- WHAT IS BEING ASKED:
Set down, word for word, each line from the top of the data through the line that has "Add in half"; omit every picture.

:: DATA UNDER STUDY

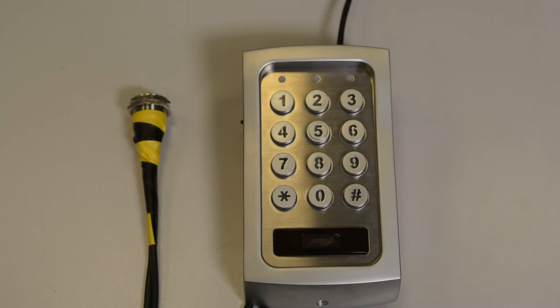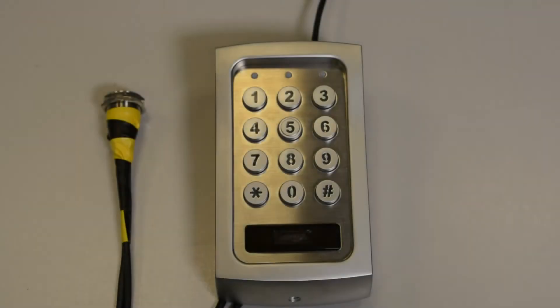First, switch off the power for at least one minute to ensure the keypad is fully discharged. Then switch the power back on again.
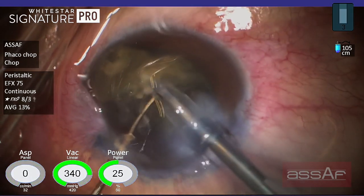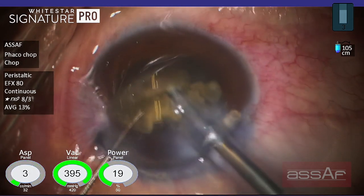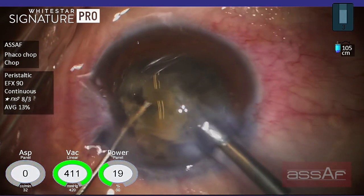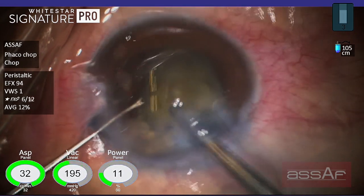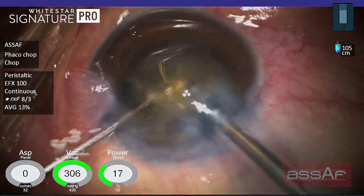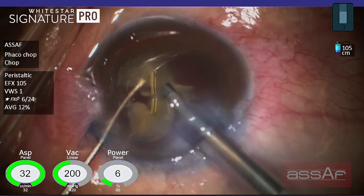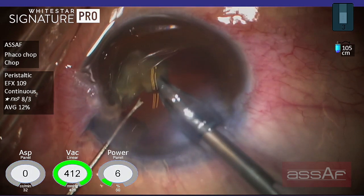Now we have more space and more access to the posterior surface of each quadrant. Trying to elevate this isthmus away from the posterior capsule — ultrasound can disrupt these cortical fibers, or just with the mechanical movement of the second instrument in the left hand we can cut these fibers. We have now a free quadrant within the lens capsule ready for emulsification. Only maybe two quadrants are still interconnected together — it doesn't matter because we now have enough space to deal with these two quadrants together within the lens capsule.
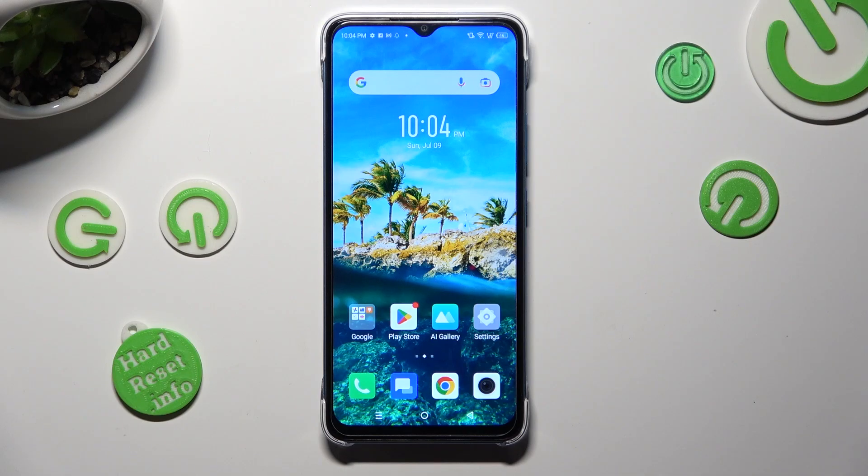Hi, in front of me is Infinix Smart 7 and today I would like to show you how you can use one-handed mode.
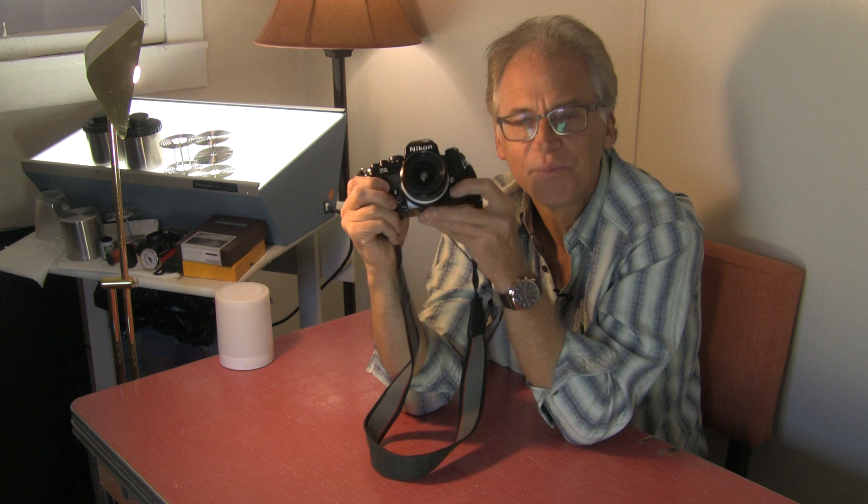I'll be back next week and we'll talk about another camera of my choice. As always, here's to good light.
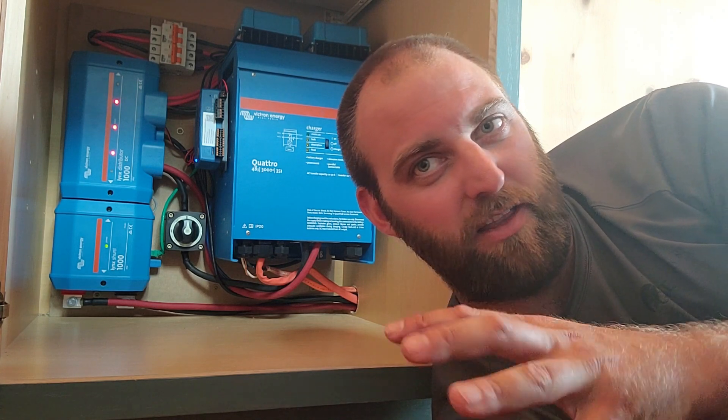This Victron install paired with the Fortress Power eFlex has been a wonderful install. It's a pretty compact package — we had to fit it in a tiny house so everything had to be tiny, and this worked out really well. I was able to modularize a bunch of the components and build them in my garage, then come and install them with a bunch of stuff pre-wired, which made things go a lot more smoothly. The majority of the work here was getting the solar mounted on the roof.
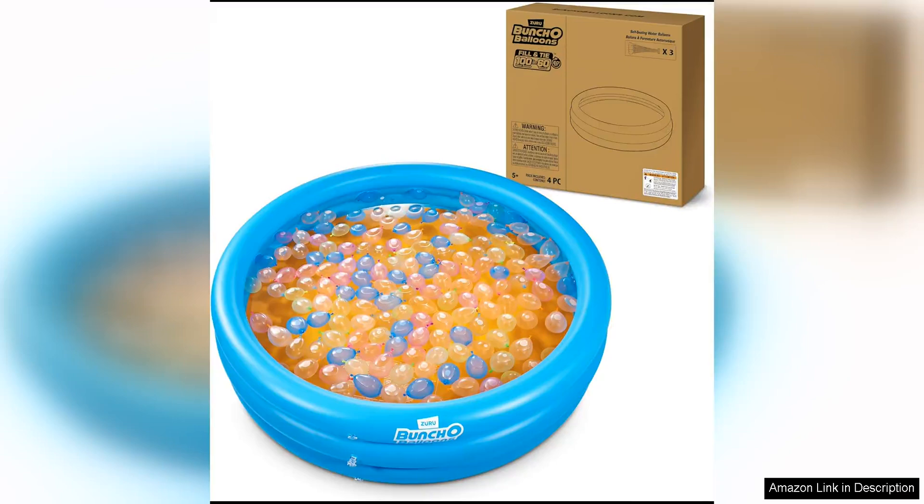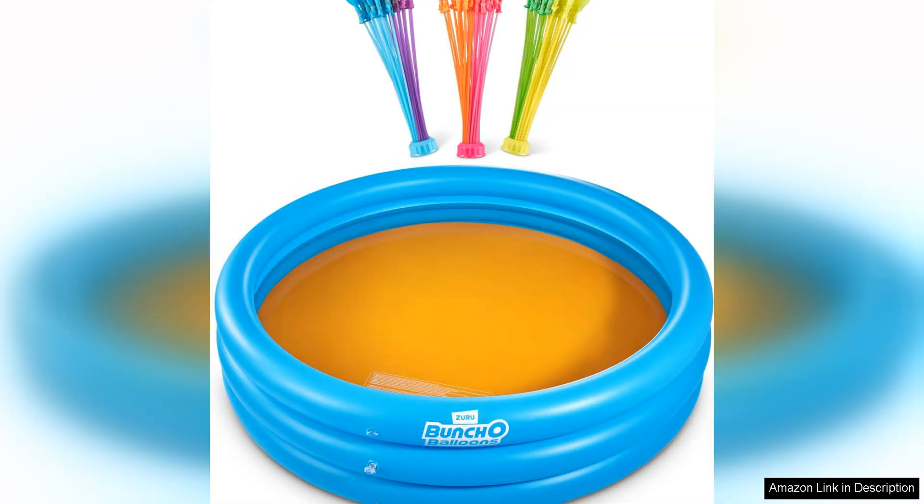Bunch of Balloons Splash Pool with Tropical Party is the ultimate way to beat the heat this summer. This set includes 100 rapid-filling self-sealing water balloons, providing hours of fun for kids and adults alike. The pool itself is a generous size, perfect for lounging or playing games with friends. The Tropical Party theme adds a fun and festive touch, making it a great addition to any backyard gathering.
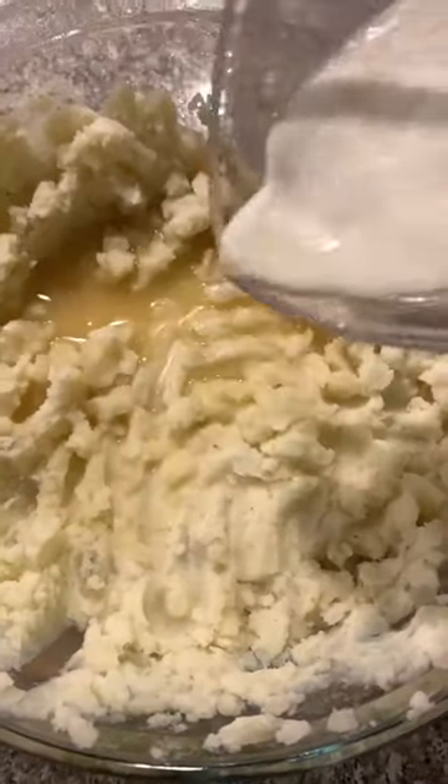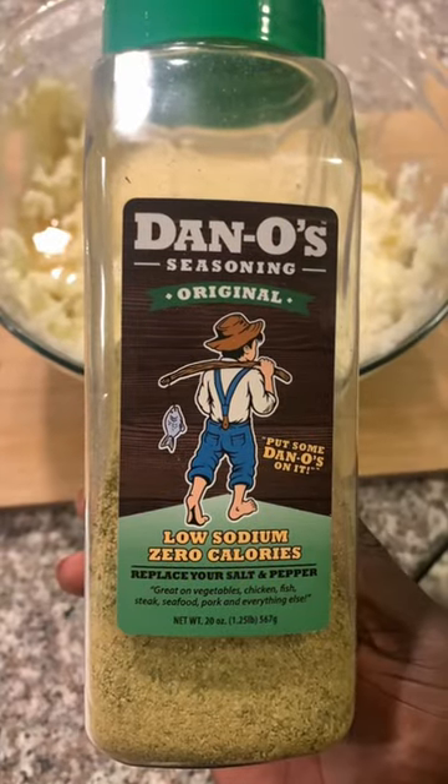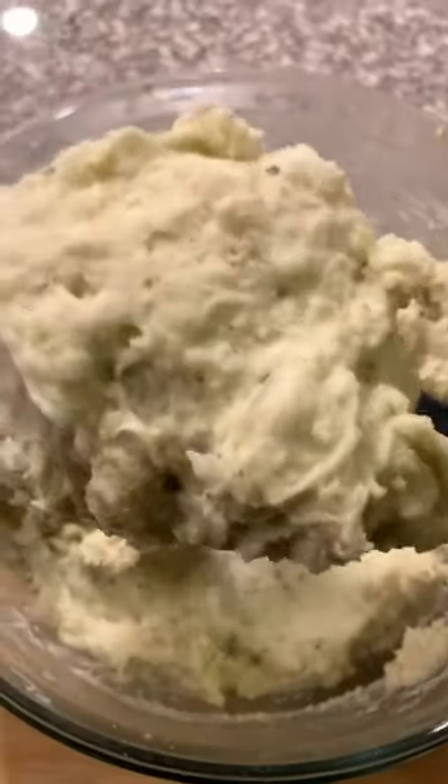Add in half cup melted butter, half cup heavy cream, half cup sour cream, half cup parmesan cheese, and two tablespoons Dano's original. Yum yum, give it a good mix with your Tovolo spatula, serve and enjoy!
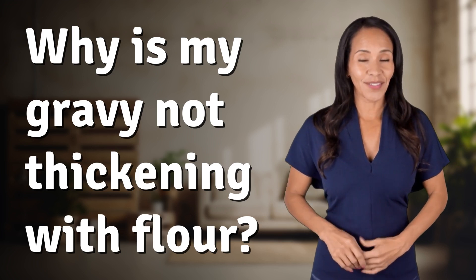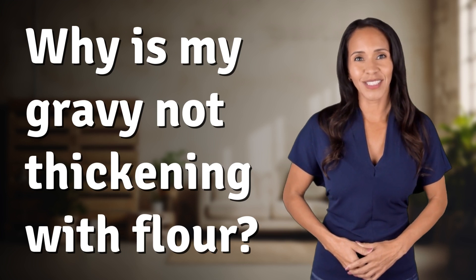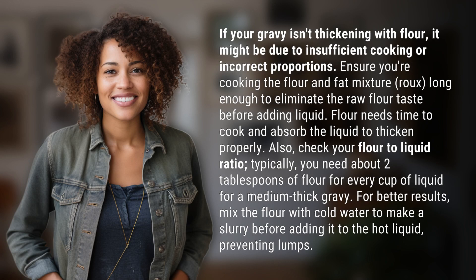Feeding your curiosity, fueling our passion. Let's satisfy our quest for knowledge with today's question. If your gravy isn't thickening with flour, it might be due to insufficient cooking or incorrect proportions.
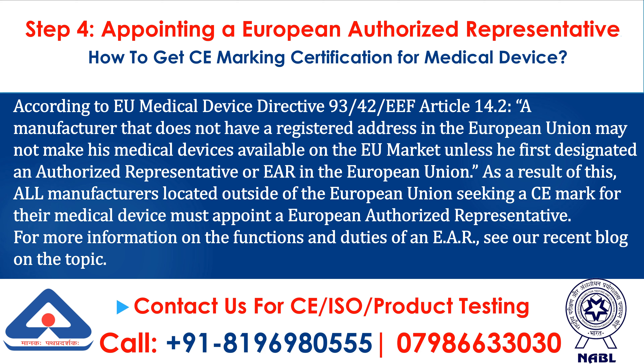Step 4: Appointing a European Authorized Representative. According to EU Medical Device Directive 93-42-EF Article 14.2, a manufacturer that does not have a registered address in the European Union may not make his medical devices available on the EU market unless he first designated an authorized representative in the European Union. As a result of this, all manufacturers located outside of the European Union seeking a CE mark for their medical device must appoint a European Authorized Representative.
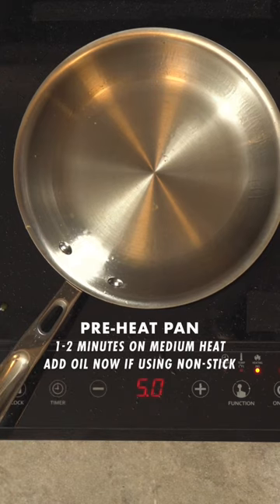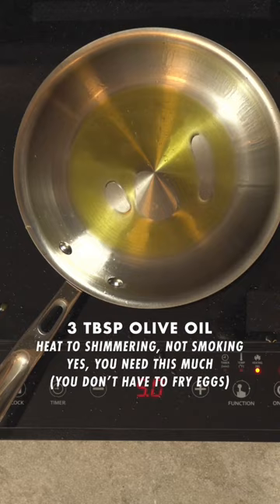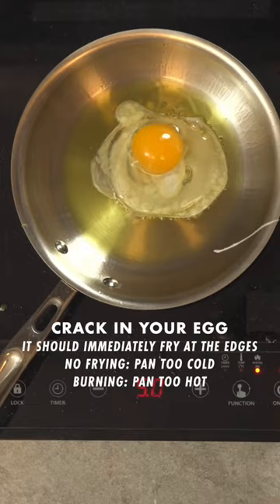To make fried eggs, use the smallest pan for the number of eggs you're making. Preheat your pan on medium heat for 1-2 minutes until it's hot all the way through. Add 2-3 tablespoons of oil, which seems like a lot, but most of it stays in the pan. The oil should shimmer right away, but it shouldn't smoke.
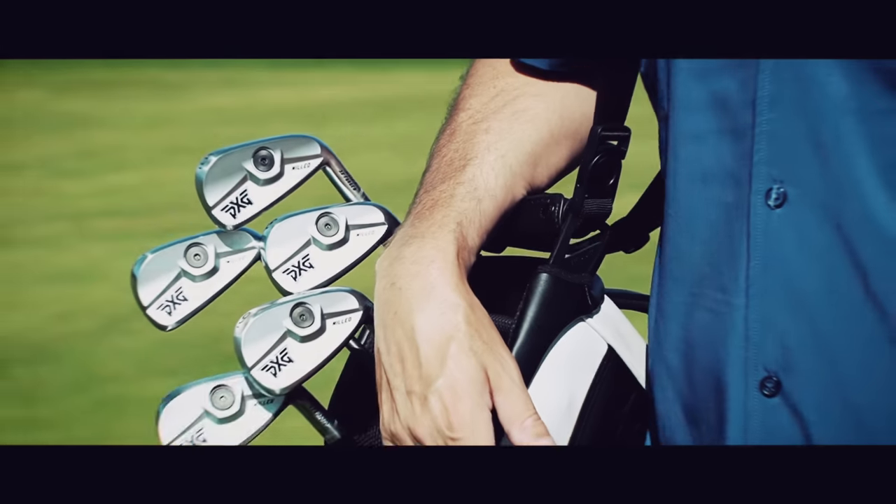Right now every manufacturer seems to have a product that fits a certain category, but I think PXG have just released a new set of irons that currently doesn't exist from anybody, and could well be their best release to date.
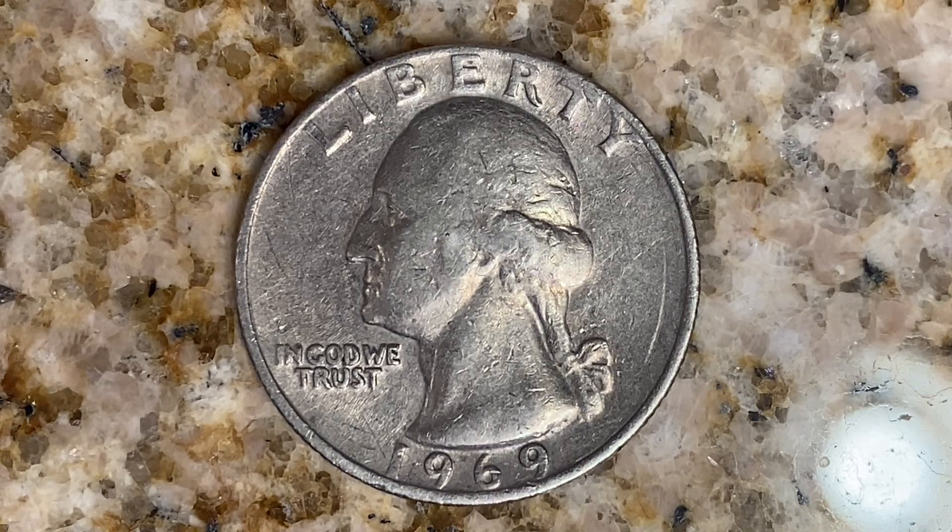We are currently enjoying a look at the front of the coin — you may call this the obverse of the coin, or simply heads — where we see Liberty, George Washington, and 'In God We Trust,' and the mintage of 1969. That is when this coin was produced.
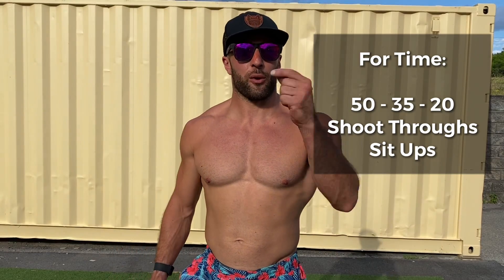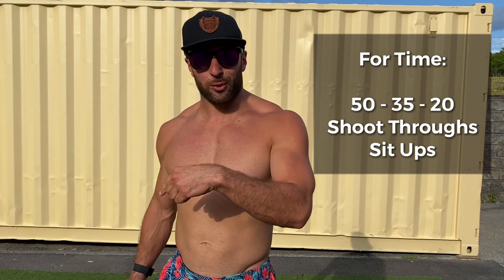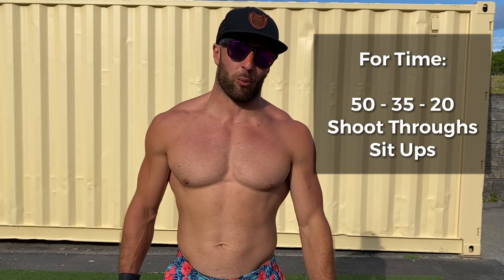Guys, it's gonna be 50 shoot-throughs and then 50 sit-ups, then 35 shoot-throughs and then 35 sit-ups, and then 20 shoot-throughs and then 20 sit-ups. Have fun with this midline workout.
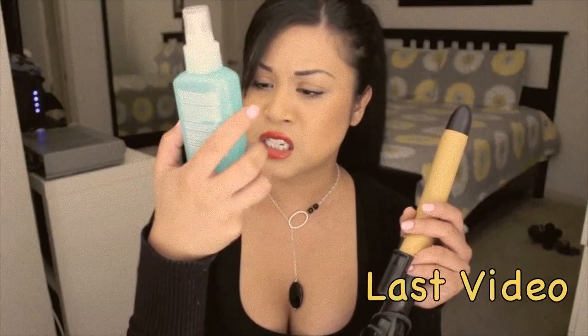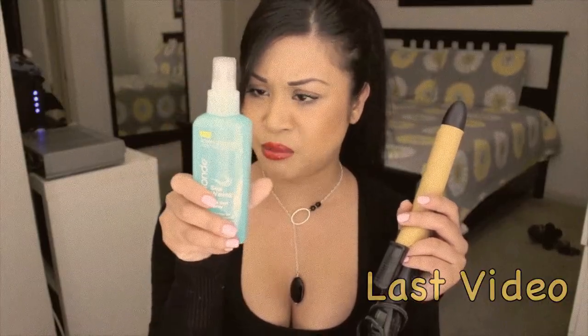I made my own little concoction here of sea salt spray. You guys have seen me in my video accidentally using one for blonde hair — like, is this only for blonde hair? What?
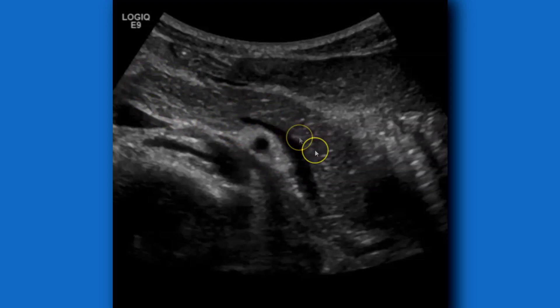Here's the pancreas: the uncinate process right here, head, body, and then the tail. The tail is sometimes the hardest part to get, and this may not be the entire tail — keep that in mind.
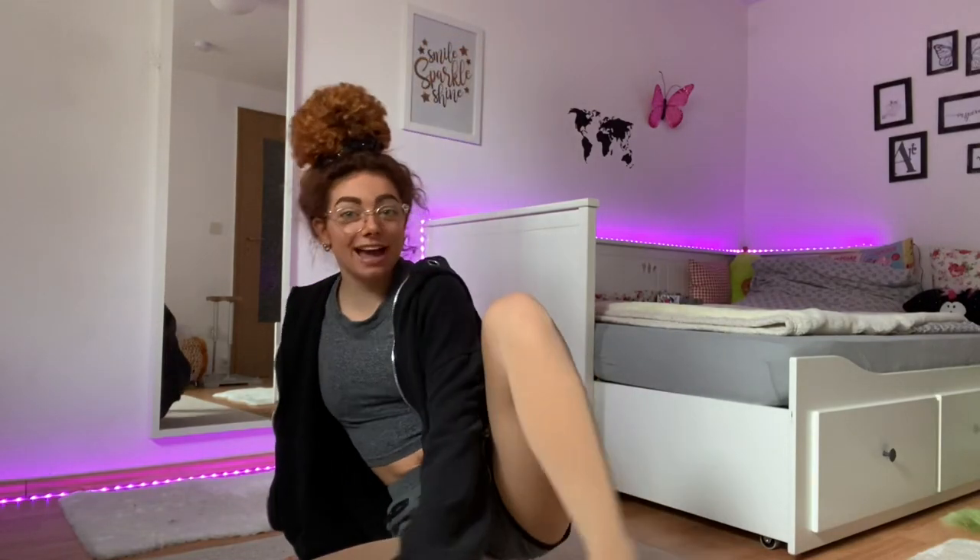Hey guys, what's up? How are you doing? I hope you're doing good. I'm back with another video — I didn't film in quite a long time, so this is kind of weird to talk to a camera again, but I'll get used to it. I was thinking today I'm doing another training vlog to show you my training because I have no other idea. We're still in lockdown — a little bit lighter version, but still it's a lockdown for me.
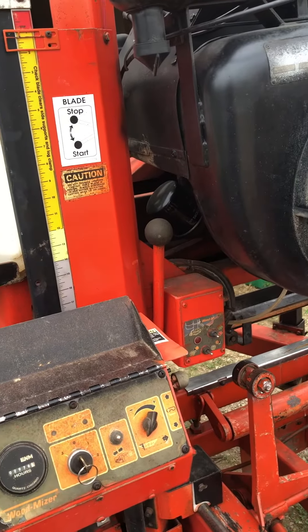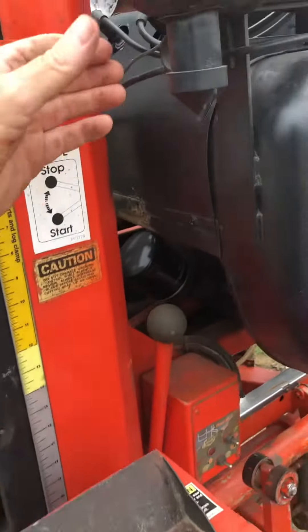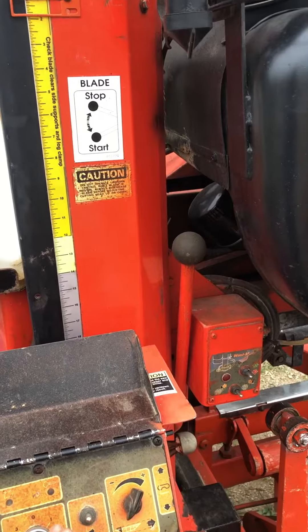I got the battery hooked up. Key in the ignition. Choke it. We'll see what happens.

::::

- RESPONSE AREA:
First, switch off the power for at least one minute to ensure the keypad is fully discharged. Then switch the power back on again.
Now we have more space and more access to the posterior surface of each quadrant. Trying to elevate this isthmus away from the posterior capsule — ultrasound can disrupt these cortical fibers, or just with the mechanical movement of the second instrument in the left hand we can cut these fibers. We have now a free quadrant within the lens capsule ready for emulsification. Only maybe two quadrants are still interconnected together — it doesn't matter because we now have enough space to deal with these two quadrants together within the lens capsule.
Hi, in front of me is Infinix Smart 7 and today I would like to show you how you can use one-handed mode.
I'll be back next week and we'll talk about another camera of my choice. As always, here's to good light.
This Victron install paired with the Fortress Power eFlex has been a wonderful install. It's a pretty compact package — we had to fit it in a tiny house so everything had to be tiny, and this worked out really well. I was able to modularize a bunch of the components and build them in my garage, then come and install them with a bunch of stuff pre-wired, which made things go a lot more smoothly. The majority of the work here was getting the solar mounted on the roof.
Bunch of Balloons Splash Pool with Tropical Party is the ultimate way to beat the heat this summer. This set includes 100 rapid-filling self-sealing water balloons, providing hours of fun for kids and adults alike. The pool itself is a generous size, perfect for lounging or playing games with friends. The Tropical Party theme adds a fun and festive touch, making it a great addition to any backyard gathering.
Add in half cup melted butter, half cup heavy cream, half cup sour cream, half cup parmesan cheese, and two tablespoons Dano's original. Yum yum, give it a good mix with your Tovolo spatula, serve and enjoy!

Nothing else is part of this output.